Naturally, for this to work your tables must have a column indicating when it was last modified, and you should be certain that the column timestamp is always updated when a row is edited.

The source code is available on Bitbucket. It seems I don’t have the privilege of posting links so you’ll have to search for negge/edbmodified to get to the repository. As it only consists of one file I’ll paste the code here as well. Usage examples can be found in the class’s comment block.

How to use: but the file somewhere, import it and use it like you would use any other cache dependency.


/**

 * @author Sam Stenvall <sam.stenvall@arcada.fi>

 * @copyright Copyright &copy; Sam Stenvall 2012

 * @license can't post links so I can't link to the copyright notice...

 * 

 * Cache dependency based on the last modified row in a set of tables. It uses 

 * the built-on GREATEST() function when querying multiple tables instead of 

 * the widely used (and much slower) UNION SELECT way.

 * 

 * Usage examples:

 * 

 * // Single table

 * $dep = new EDbModifiedDependency('product');

 * 

 * // Single table with non-default column name

 * $dep = new EDbModifiedDependency('category', 'last_modified');

 * 

 * // Multiple tables

 * $dep = new EDbModifiedDependency(array('product', 'category'));

 * 

 * // Multiple tables with non-default column names

 * $dep = new EDbModifiedDependency(array(

 *     'product', 

 *     array(

 * 	       'table'=>'category',

 *         'modifiedColumn'=>'last_modified',

 *     ),

 * ));

 * 

 */

class EDbModifiedDependency extends CDbCacheDependency

{


	/**

	 * Class constructor.

	 * @param mixed $tables either the name of the table as a string, or an 

	 * array containing table names. When passing an array, the value(s) can 

	 * also be an array with the keys "table" (the table name) and 

	 * "modifiedColumn" (the column name for that table).
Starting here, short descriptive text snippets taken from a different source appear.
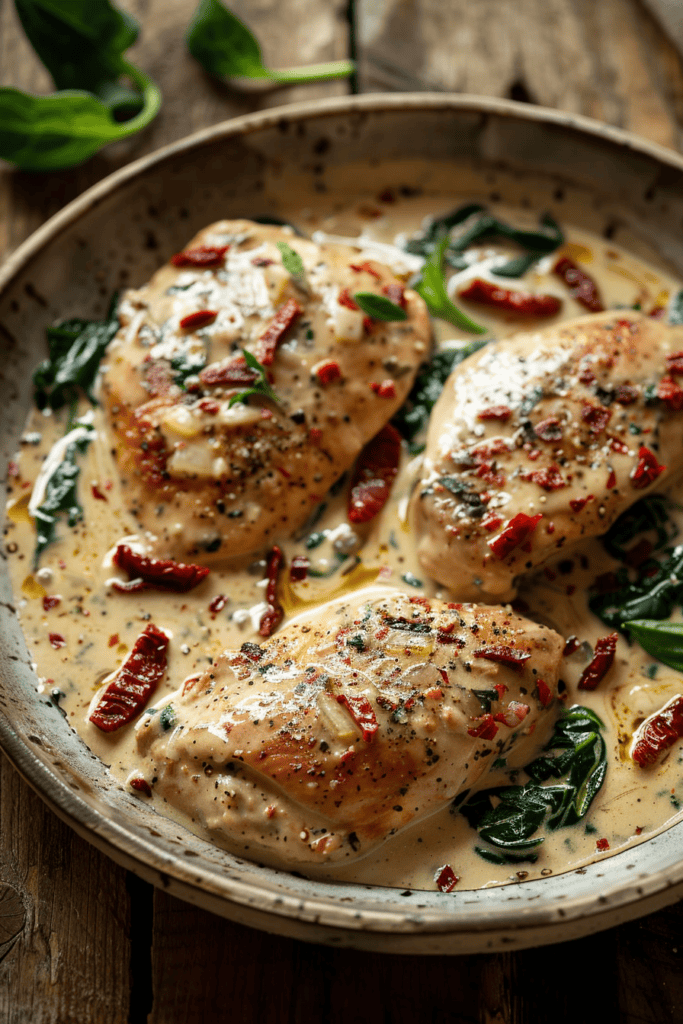creamy tuscan chicken with spinach and parmesan sauce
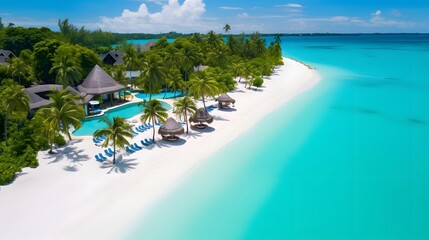 Beautiful tropical beach at Maldives with few palm trees and blue lagoon - obrazy, fototapety, plakaty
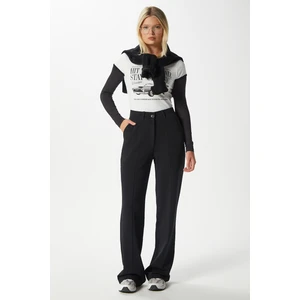 Likra Serisi Lift Süs Dikişli Esnek Siyah Palazzo Pantolon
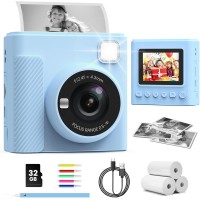TIATUA Appareil Photo Instantané Enfants, 1080P Appareil Photo Numérique Enfant & Caméra Vidéo avec Carte de 32GB & Rouleaux de Papier d'impression, Cadeaux pour Garçons & Filles de 3 à 12 Ans
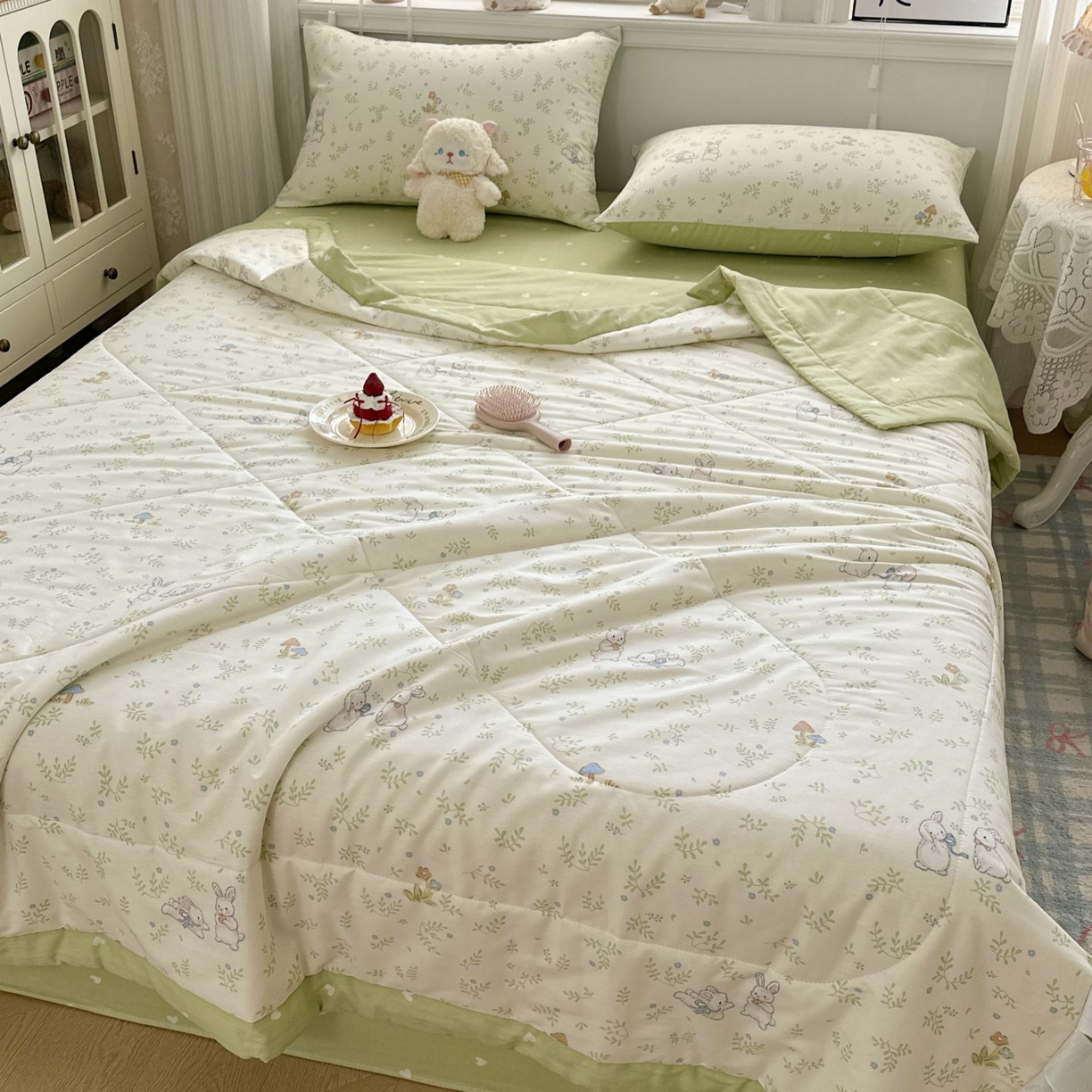 91家纺网 家纺一手货源 找家纺 棉森家纺 2026春夏新款全棉纯棉棉花夏被夏凉被空调被-风格三 寻觅时光-绿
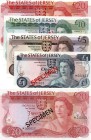 Jersey, 1976 Specimen Set, 1-5-10-20 Pounds, UNC, QE II, p11s- p12s- p13s- p14s (Same serial number: *000623)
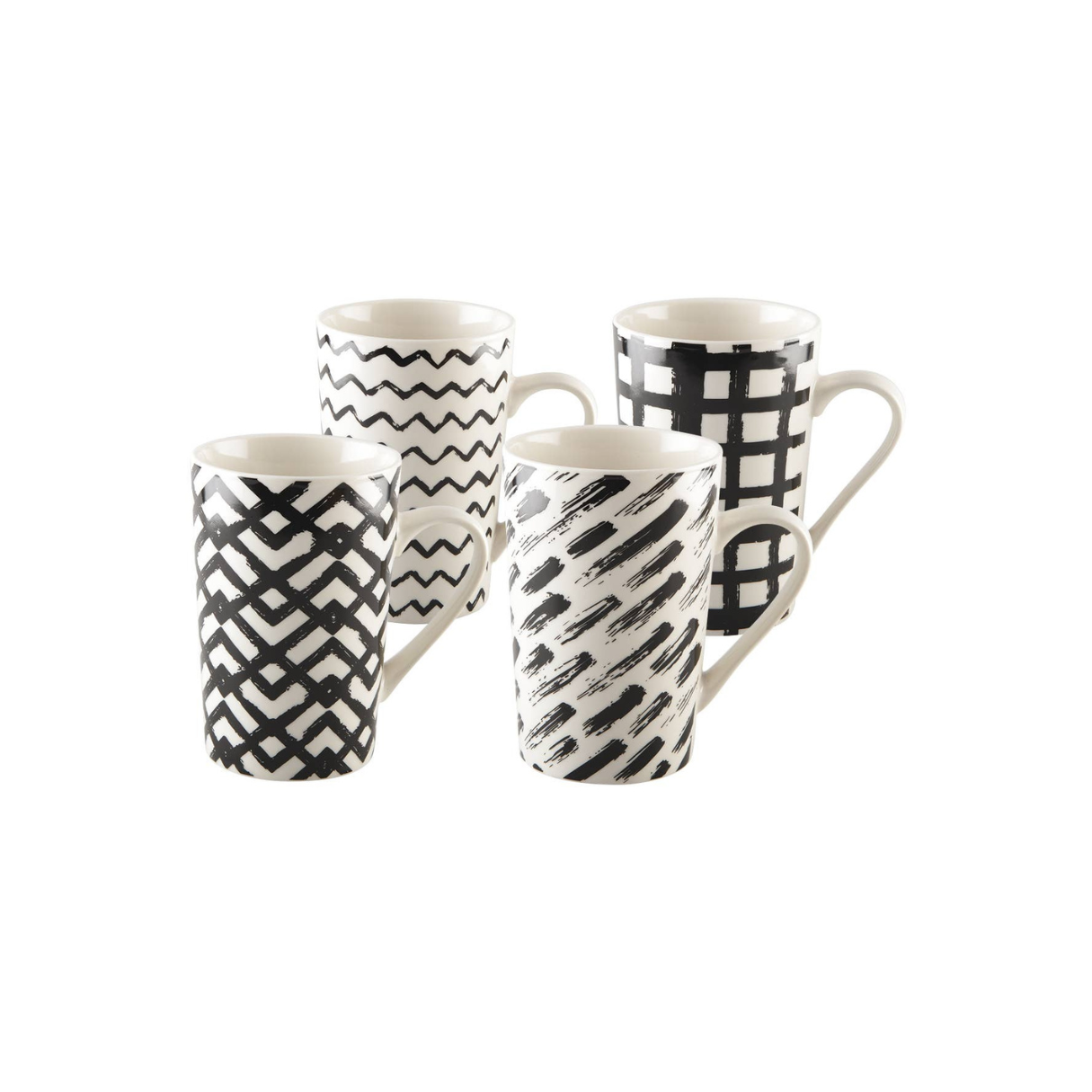 Black &amp; White Mug Set Of 4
	 * @param string $modifiedColumn the column containing the last modified 

	 * timestamp

	 */

	public function __construct($tables, $modifiedColumn = 'modified')

	{

		// Use a simple SELECT MAX for single table or SELECT GREATEST(...) for 

		// multiple.

		if (!is_array($tables))

			$sql = 'SELECT MAX(`'.$modifiedColumn.'`) FROM `'.$tables.'`';

		else

		{

			$greatestParams = array();

			foreach ($tables as $table)

			{

				// Determine column and table name

				$col = is_array($table) ? $table['modifiedColumn'] : $modifiedColumn;

				$tbl = is_array($table) ? $table['table'] : $table;


				$greatestParams[] = '(SELECT MAX(`'.$col.'`) FROM `'.$tbl.'`)';

			}


			$sql = 'SELECT GREATEST('.implode(', ', $greatestParams).')';

		}


		parent::__construct($sql);

	}


}

Hopefully someone will find this useful! I know I did.